En general, quiere Brecht desvestir el carácter impostor y la doblez del tiempo histórico en que vive, y como sabe que la hipocresía es ágil dándole nombres agradables a las realidades malsonantes, le da un lugar privilegiado al eufemismo. La libertad, por ejemplo, resulta una convicción extraña: «He observado que una frase como `somos un país libre' se oye siempre que alguien se queja de falta de libertad». De la misma manera, y no se si hoy sabremos decirlo mejor, «por democrático se entiende cierto aire agradable y misterioso, visto en un gran señor, claro está; en un individuo famélico resulta más bien desvergonzado». Por otro lado, «nuestras vidas dependen por entero de la economía, y ésta es un asunto tan complicado que para abarcarla en su totalidad hacen falta dosis de inteligencia que simplemente no existe. ¡Y en este caso los hombres habían desarrollado una economía cuya interpretación exigía superhombres!». Los protagonistas, Kalle y Zieffel, son realmente simpáticos, socarrones, pero son un antifaz de personajes un tanto más oscuros y macabros pero omnipresentes y bien conocidos, como la libertad en una jaula, la democracia fotogénica o el misterio de la economía.

Diálogos de Refugiados» captura las paradojas inocentes no tan inocentes de aquello que llaman «la realidad compleja». Por ejemplo, que en un mundo tan complicado será mejor que las palabras y las obras delimiten perfectamente sus respectivos campos de acción, que se relacionen lo menos posible entre sí; a no ser que uno quiera convertirse en un amoral de palabra y pensamiento, y en la práctica en un tarado.
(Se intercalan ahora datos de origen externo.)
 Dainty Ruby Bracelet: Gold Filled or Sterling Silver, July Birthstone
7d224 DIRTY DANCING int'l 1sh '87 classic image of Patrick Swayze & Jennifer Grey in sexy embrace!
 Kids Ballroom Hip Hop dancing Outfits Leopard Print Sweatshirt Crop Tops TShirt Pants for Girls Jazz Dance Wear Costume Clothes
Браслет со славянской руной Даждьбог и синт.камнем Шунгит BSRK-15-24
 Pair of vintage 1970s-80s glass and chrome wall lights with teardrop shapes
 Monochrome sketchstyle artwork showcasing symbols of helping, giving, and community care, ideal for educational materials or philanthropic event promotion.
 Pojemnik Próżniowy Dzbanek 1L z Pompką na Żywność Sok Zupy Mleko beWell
Kalle cita como modelo de comportamiento «un tipo que era químico y fabricaba gas tóxico. Personalmente era pacifista y daba charlas contra la locura de la guerra ante la juventud pacifista; sus discursos podían llegar a ser muy virulentos y continuamente tenían que exhortarlo a la moderación». Y no es que el hombre fuera ignorante de la contradicción entre sus discursos y sus actos: «al igual que nosotros, él también estaba en contra de que la gente no tuviera nada que ver con lo que fabricaba». Pero, como se diría hoy, ¿qué podría hacer si no? Se puede incluso llegar más lejos y resolver la contradicción como tantos intelectuales de izquierda coetáneos: ¿para qué atormentarse con la inconsecuencia cuando se puede ser coherente jaleando al patrón, y además vivir mejor? Al fin y al cabo, el bienestar es un fin legítimo, y justamente los ideales de bienestar y la prosperidad son, por lo general, magníficos conductores de la escritura de propaganda.
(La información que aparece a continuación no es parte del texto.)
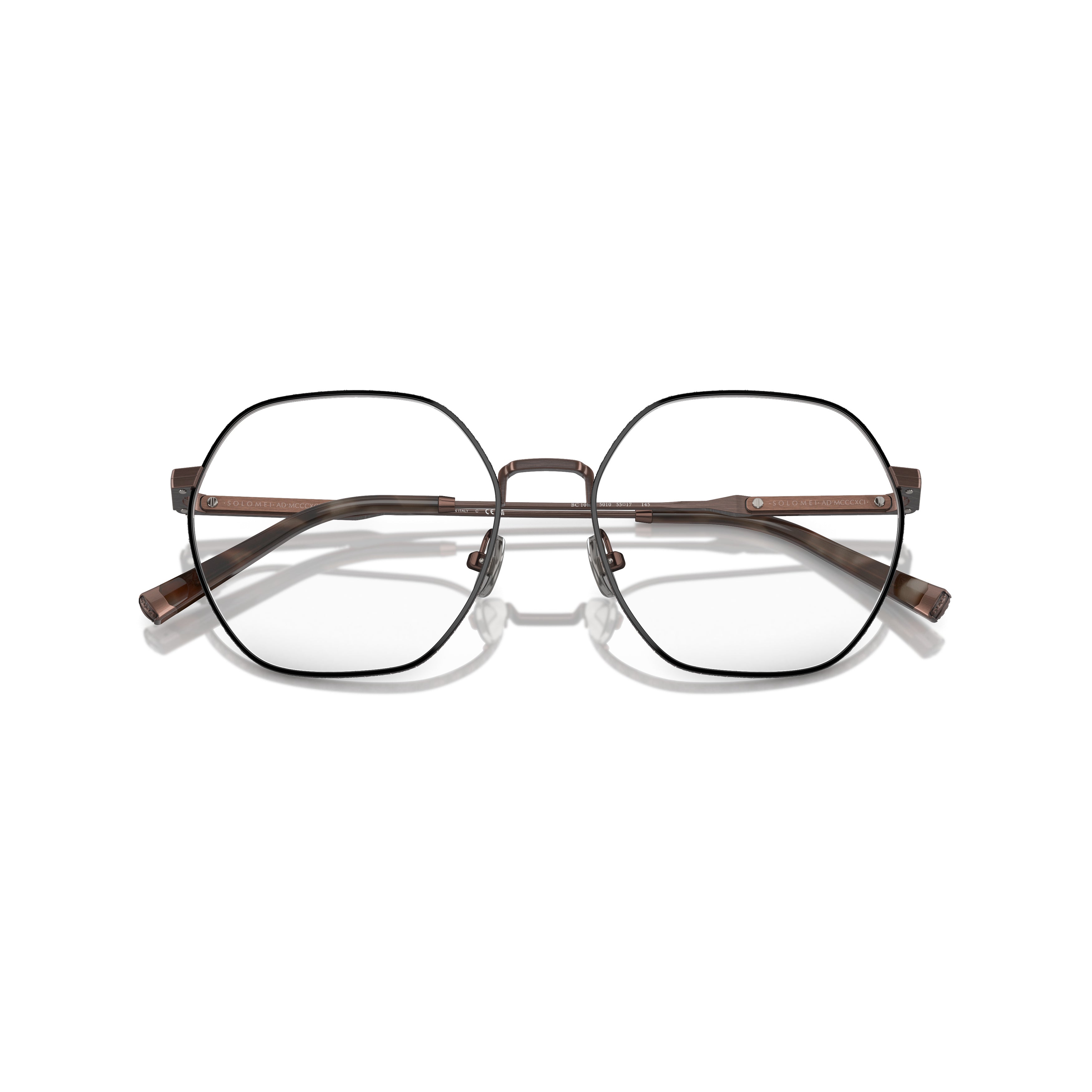 0bc1001t Thin Geometric Titanium Eyeglasses with Adjustable Nose Pads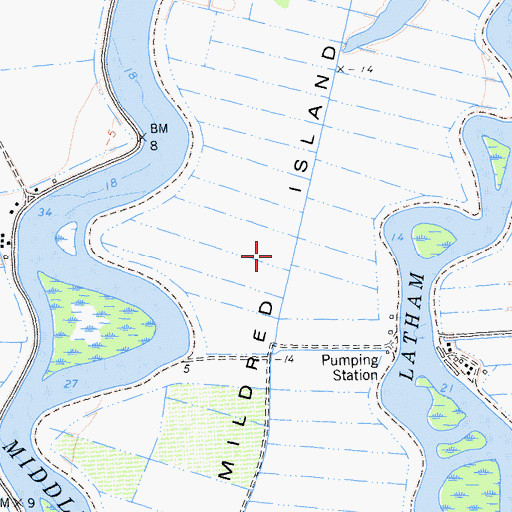 Topographic Map of Mildred Island, CA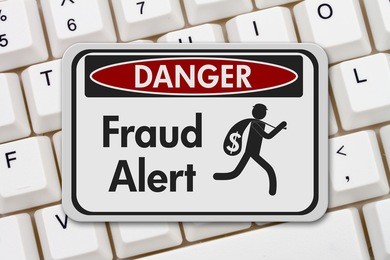 fraud alert danger sign, a black and white danger sign with text fraud alert and theft icon on a keyboard 3d illustration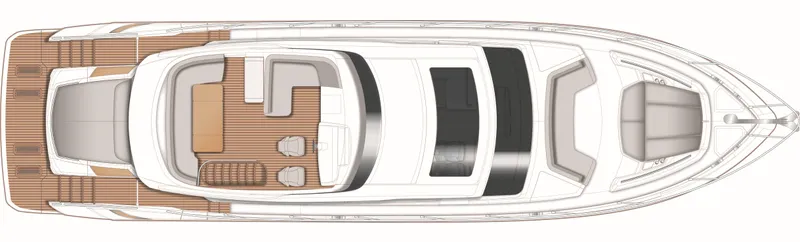Slide: The Image of Top view of 2025 Princess S65 yacht layout, showcasing deck and interior design. - 21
Sin ir demasiado lejos, en su momento, el profesor y colaborador del diario «El Mundo» Agapito Maestre, para defender la invasión y ocupación de Iraq, le exigía al PP «mostrar que sin esas opciones sería imposible nuestro actual bienestar». Es razonable preguntar hasta dónde es razonable un sistema que requiere de la agresión para conservar su relativo estado de confort y abundancia. Pero los caminos del bienestar, como los de Dios, la Reserva Federal, el petróleo, la Moncloa y el Departamento de Estado, son inescrutables. De la misma manera que para estar bien habrá que trabajar 40 horas semanales si no más, cobrar 900 euros si no menos, pagar la hipoteca y soportar a los hijos y el marido; para nuestro mejor bienestar también habrá que destruir los trabajos de otros, derribar sus casas, matar a sus hijos y a ellos mismos si es necesario: «tienes que conquistar la hegemonía mundial. No te queda otra salida» para alcanzar la prosperidad, nos recitaba un ex inspector de Hacienda hace ahora más o menos cuatro años para justificar la participación del Ejército español en la invasión de Iraq, tal y como le había espetado a Zieffel en un campo de concentración un antiguo agente de seguros afiliado al Partido Nacionalsocialista.
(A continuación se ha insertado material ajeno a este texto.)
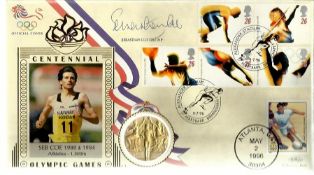 Signed Olympic Benham Coin FDC collection 20 1996 official Olympics FDCs each with full set of GB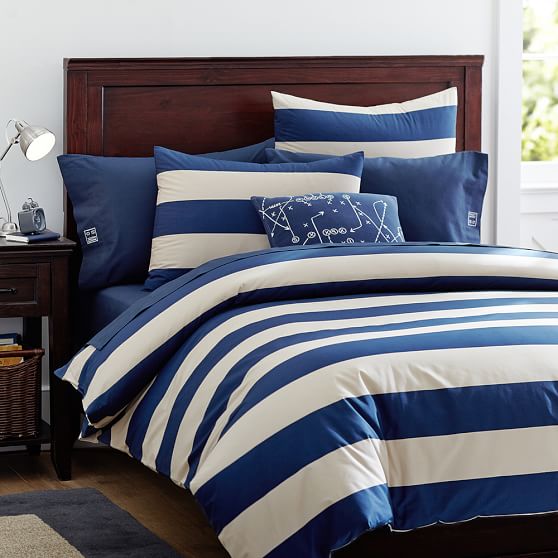 Rugby Stripe Duvet Cover Sham Navy Stone Pbteen Rugby Stripe Duvet Cover Sham Navy Stone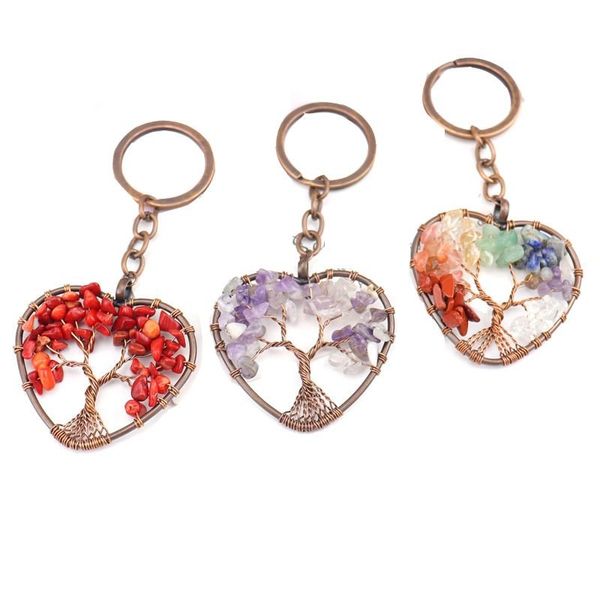 Porte-clés en pierre concassée naturelle, cristal, en forme de cœur, arbre de vie, pendentif de voiture, cadeaux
A medida que avanza, la narración es, en el fondo, un manual de supervivencia tan útil hoy como hace 67 años, y acreditado por dos supervivientes natos. Kalle y Zieffel, por ejemplo, dan razones más que suficientes para no «ser bueno», algo en lo que Brecht insiste y mucho a lo largo de su obra. A los hombres buenos, a quienes su resignación y paciencia no los hace generosos, inteligentes o justos, es solamente su respeto al orden lo que les da la calidad de santos. Pero incluso si nos atenemos a la lógica religiosa más elemental, no puede ser bueno ni santo aquel que no puede elegir otra existencia que la que posee. Es la misma razón por la que «la teoría de que cada cual tiene una vida propia» es un dudoso lugar común, «pues sólo es válida en el plano lógico si se denomina vida al hecho de vegetar durante setenta años, o simplemente tres». Si acaso, hoy se vegeta a 250 km/h, con línea ADSL, alimentos tamaño XXL y un pastillero de diseño para la jalea real y los ansiolíticos; pero esa multiplicación de la cantidad, el tamaño y la velocidad de nuestras adicciones, no supone una realización de la vida buena y la libertad. Al contrario, seguro que Brecht, que propuso transformar la radio «de aparato de distribución en aparato de comunicación» («Teorías de la radio 1927-1932»), estaría de acuerdo en que la abulia televisiva y telemática son un perfeccionamiento en el arte de la muerte cerebral.

Dijo Roland Barthes en 1967, once años después de su muerte el 14 de agosto de 1956, que «conocer a Brecht tiene una importancia distinta a la que supone conocer a Shakespeare o a Gogol, puesto que es precisamente para nosotros -y no para la eternidad- para quien Brecht ha escrito su teatro. La crítica brechtiana es, pues, una crítica de espectador, de lector, de consumidor y no de exégeta: es una crítica de hombre a quien el texto le concierne».

En este caso, los asuntos, el hilo común, el contenido y el estilo de «Diálogos de Refugiados» no son desconocidos para los tiempos que corren, ya que incluso gran parte de lo que fue una parodia es ya parte asimilada de la normalidad. Lo que hace Bertolt Brecht es fotografiar el absurdo, comentado y representado mediante una rigurosa coherencia entre fondo y forma. El absurdo de las cosas, de las leyes, del orden y de las gentes, desnudo de cualquier racionalidad bajo la que pueda adoptar una forma respetable. Al menos mientras dure lo malo conocido, la conversación de Kalle y Zieffel será un diálogo para todos los tiempos.